И я решительно, с чистой совестью ответил:

— Нет. Сокрушенный вздох:

— В таком случае верю — будущее за вами, ибо молодость многих развитых наций в проказе.

Я был наказан за самомнение.

К тому времени у меня уже подрос сын. Он увлекался собиранием марок, научной фантастикой, фотографией, среди школьников шестых — седьмых классов занял по лыжам второе место на районных соревнованиях, учился неровно, порывчиками, пятерки и двойки часто соседствовали в дневнике. Оглядываясь назад, я вижу его в счастливые летние дни на даче в Абрамцеве, которую мы снимали у вдовы художника, — выгоревшие волосы, чистое, тронутое загаром лицо, глаза, доверчиво отражающие небо, тесные потертые шорты и сбитые коленки… Щемит сердце, хоть кричи.

Сева — единственный сын в благополучной семье. Но для подростка наступает такое время, когда каждая семья начинает казаться ему неблагополучной. Каждая, даже самая идеальная! В ее рамках становится тесно, внешний мир манит к себе, опека материи отца угнетает. Хочется свободы и самостоятельности. Становление человека неизбежно создает этот неисключительный кризис, у одних он проходит незаметно, у других перерастает в трагедию. Сева стал чаще пропадать из дома…

Он отпустил волосы, наотрез отказался стричься, сразу утратил ухоженный домашний вид, эдакий одичавший послушничек. Он наткнулся на старую кофту матери с широкими рукавами, его только не устроили обычные пуговицы, где-то раздобыл медные бубенчики, сам их пришил. В женской кофте с бубенчиками, в потертых, с чужого зада (выменянных), с бахромой внизу джинсах, с неопрятными жиденькими косицами, падающими на плечи, — странная, однако, забота о собственной внешности: стараться не нравиться другим походить на огородное путало. Наш сын…

Навряд ли он ждал, что мы станем умиляться, но наше недоумение, досаду, презрительность воспринимал болезненно, стал повышенно раздражительным.

Теперь любая мелочь выводила его из себя: неодобрительный взгляд, горькая ухмылка на моем лице, просьба матери вынести мусорное ведро — все воспринималось как посягательство на его достоинство. И самые простенькие вопросы для него вырастали в мучительнейшие проблемы — праздновать или не праздновать дома день рождения, ехать ли вместе с классом на экскурсию в Коломенское, просить ли у матери денег на покупку новой пластинки?.. На его физиономии все чаще и чаще возникало вселенски кислое выражение, пока не застыло в постоянную мину и окончательно не обезобразило его.

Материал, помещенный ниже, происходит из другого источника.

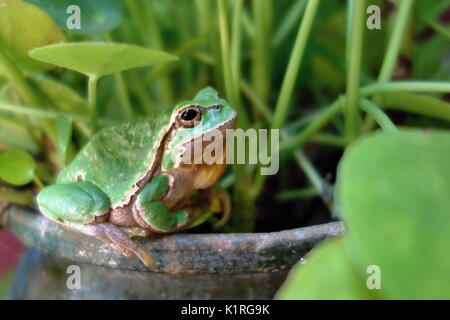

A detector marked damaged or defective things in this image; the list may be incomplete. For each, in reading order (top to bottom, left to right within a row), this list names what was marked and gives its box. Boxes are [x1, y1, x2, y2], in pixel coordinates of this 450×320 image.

rusty clay pot [3, 205, 342, 300]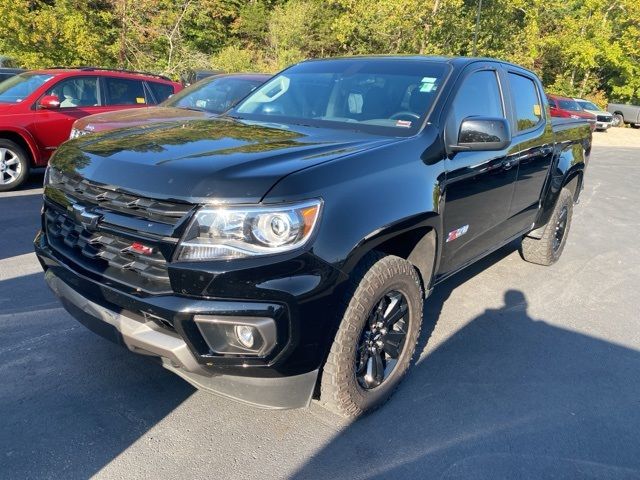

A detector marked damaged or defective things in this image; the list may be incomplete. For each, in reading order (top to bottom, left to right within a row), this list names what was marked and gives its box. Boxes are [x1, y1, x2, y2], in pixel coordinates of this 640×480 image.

cracked asphalt [1, 128, 640, 480]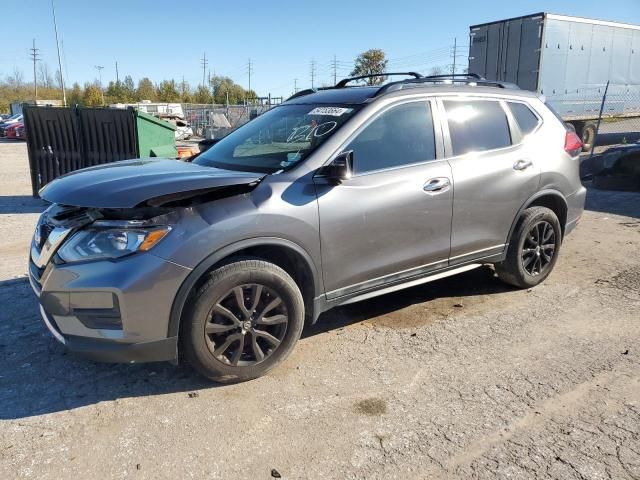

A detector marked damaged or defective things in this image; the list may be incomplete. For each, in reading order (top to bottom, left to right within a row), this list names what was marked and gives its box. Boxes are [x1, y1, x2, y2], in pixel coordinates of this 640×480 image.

cracked headlight [57, 226, 170, 262]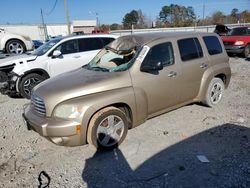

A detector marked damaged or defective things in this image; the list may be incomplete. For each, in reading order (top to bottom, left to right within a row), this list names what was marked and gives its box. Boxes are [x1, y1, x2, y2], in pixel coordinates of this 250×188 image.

damaged windshield [31, 37, 62, 55]
damaged windshield [84, 46, 141, 72]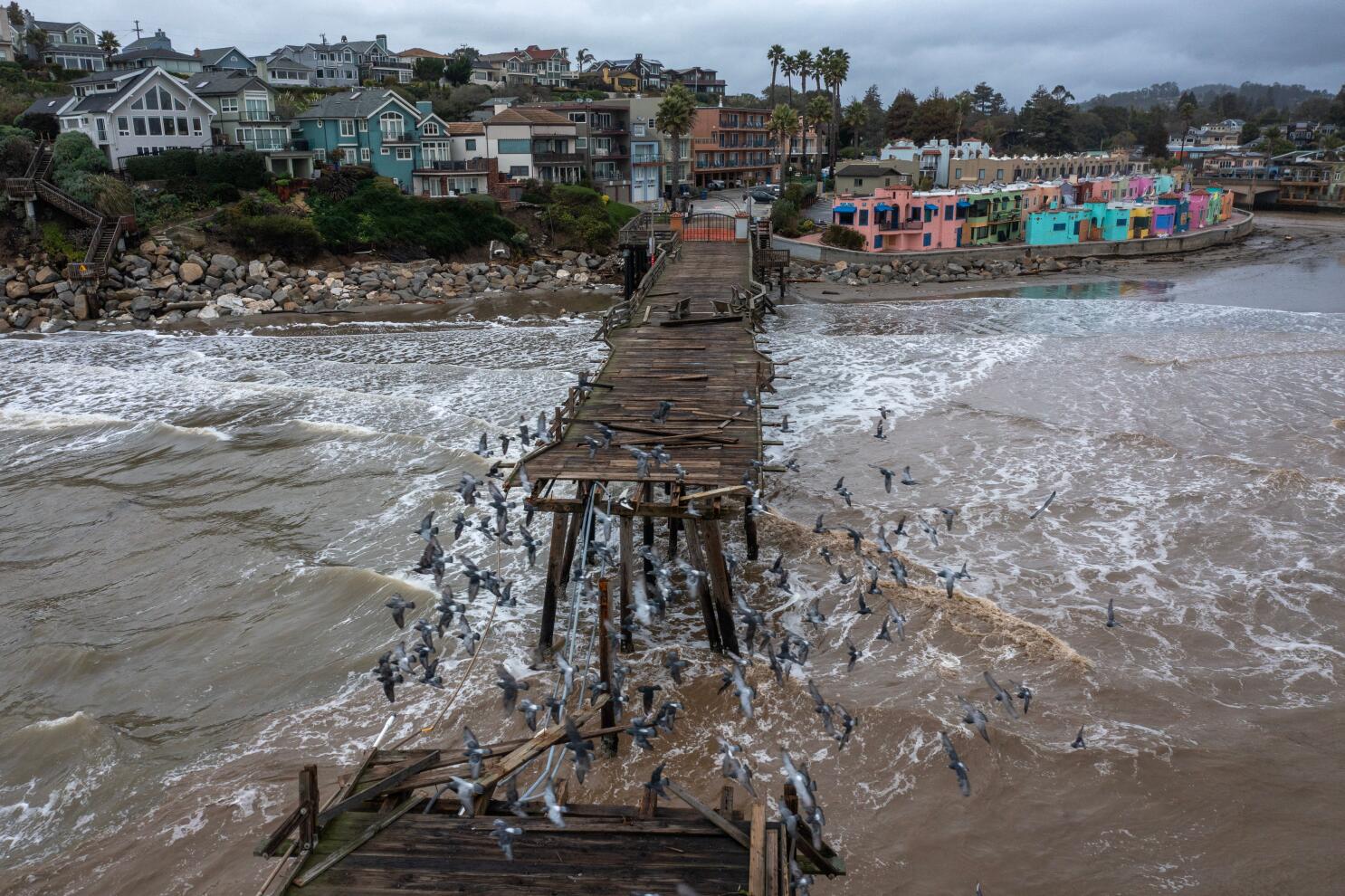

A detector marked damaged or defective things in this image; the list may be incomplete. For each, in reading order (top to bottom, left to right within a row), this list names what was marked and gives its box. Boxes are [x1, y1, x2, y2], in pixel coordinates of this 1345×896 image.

damaged wooden pier [513, 209, 785, 656]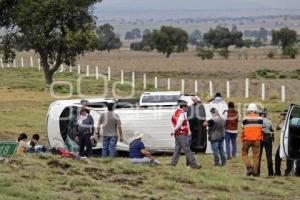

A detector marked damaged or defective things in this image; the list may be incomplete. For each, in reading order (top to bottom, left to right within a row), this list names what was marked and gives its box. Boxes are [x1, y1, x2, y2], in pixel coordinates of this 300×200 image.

overturned white van [45, 91, 214, 154]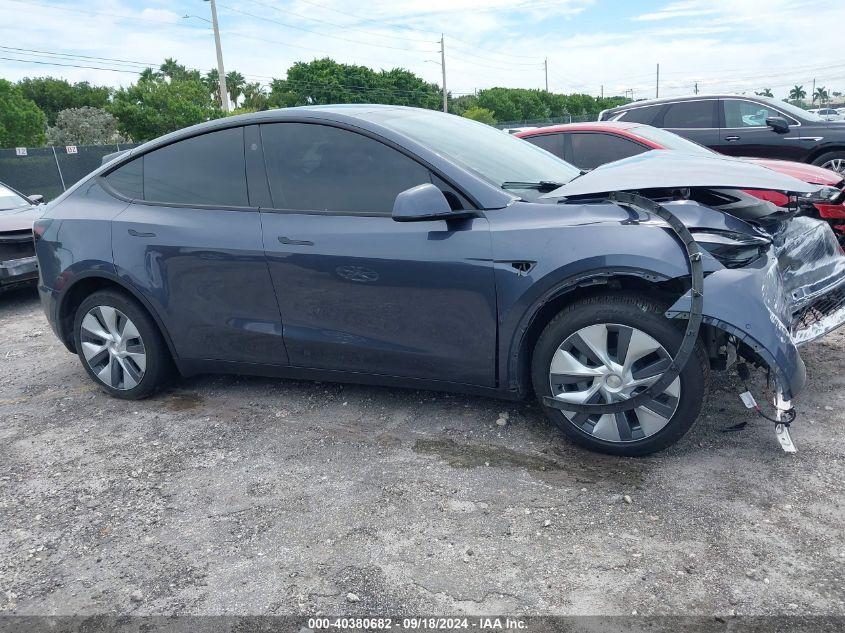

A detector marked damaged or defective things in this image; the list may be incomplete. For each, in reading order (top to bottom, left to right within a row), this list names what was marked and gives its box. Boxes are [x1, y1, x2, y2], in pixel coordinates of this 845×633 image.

detached hood [544, 150, 820, 198]
cracked headlight assembly [800, 186, 840, 204]
crushed front bumper [0, 254, 38, 288]
damaged tesla model y [36, 107, 844, 454]
cracked headlight assembly [692, 230, 772, 266]
crushed front bumper [664, 215, 844, 398]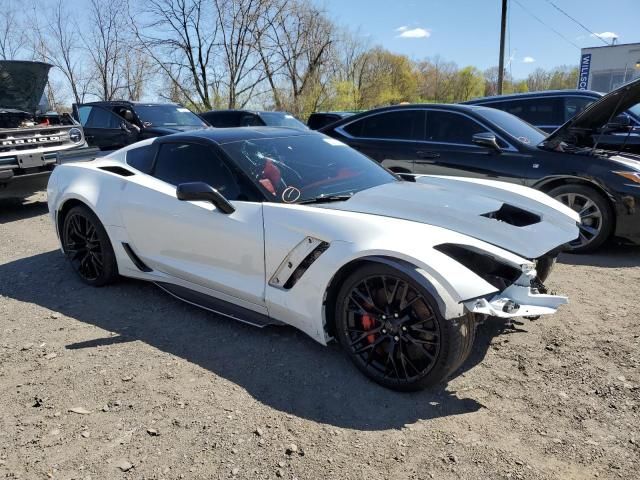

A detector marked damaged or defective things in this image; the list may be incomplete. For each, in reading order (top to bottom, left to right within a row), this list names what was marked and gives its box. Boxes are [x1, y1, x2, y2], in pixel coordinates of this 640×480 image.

damaged white corvette [46, 127, 580, 390]
damaged front end [438, 244, 568, 318]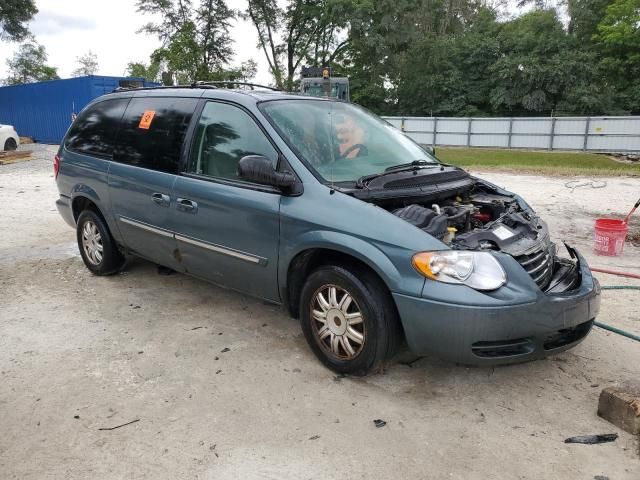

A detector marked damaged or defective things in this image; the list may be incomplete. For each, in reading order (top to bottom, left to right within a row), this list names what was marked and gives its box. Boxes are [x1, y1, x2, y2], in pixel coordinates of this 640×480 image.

damaged front bumper [396, 249, 600, 366]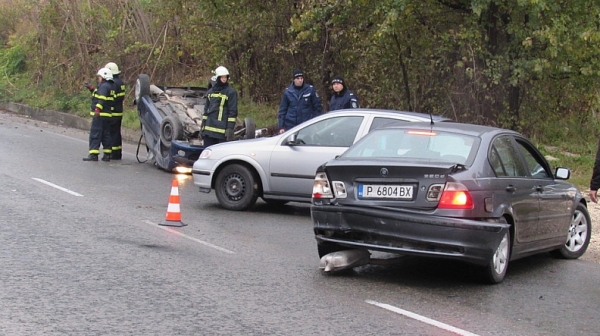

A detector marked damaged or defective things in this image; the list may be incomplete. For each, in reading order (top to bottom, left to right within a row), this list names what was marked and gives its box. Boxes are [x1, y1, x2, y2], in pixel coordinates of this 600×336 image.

overturned car [135, 74, 258, 173]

Мы чувствовали — чем дальше, тем больше он уже сам себя не уважал.

А я вспоминал случай в Лондоне и раскаивался в браваде — у нас нет того, не в пример другим безупречны… То, что свойственно временам и народам, в том или ином виде не может миновать и нас.

Сакраментальный конфликт отцов и детей родился не вчера. «Я утратил всякие надежды относительно будущего нашей страны, если сегодняшняя молодежь завтра возьмет в свои руки бразды правления, ибо эта молодежь невыносима, невыдержанна, просто ужасна». Эти слова произнес Гесиод еще в VII веке до нашей эры. Но отцам последующих поколений от столь древнего признания легче не становилось.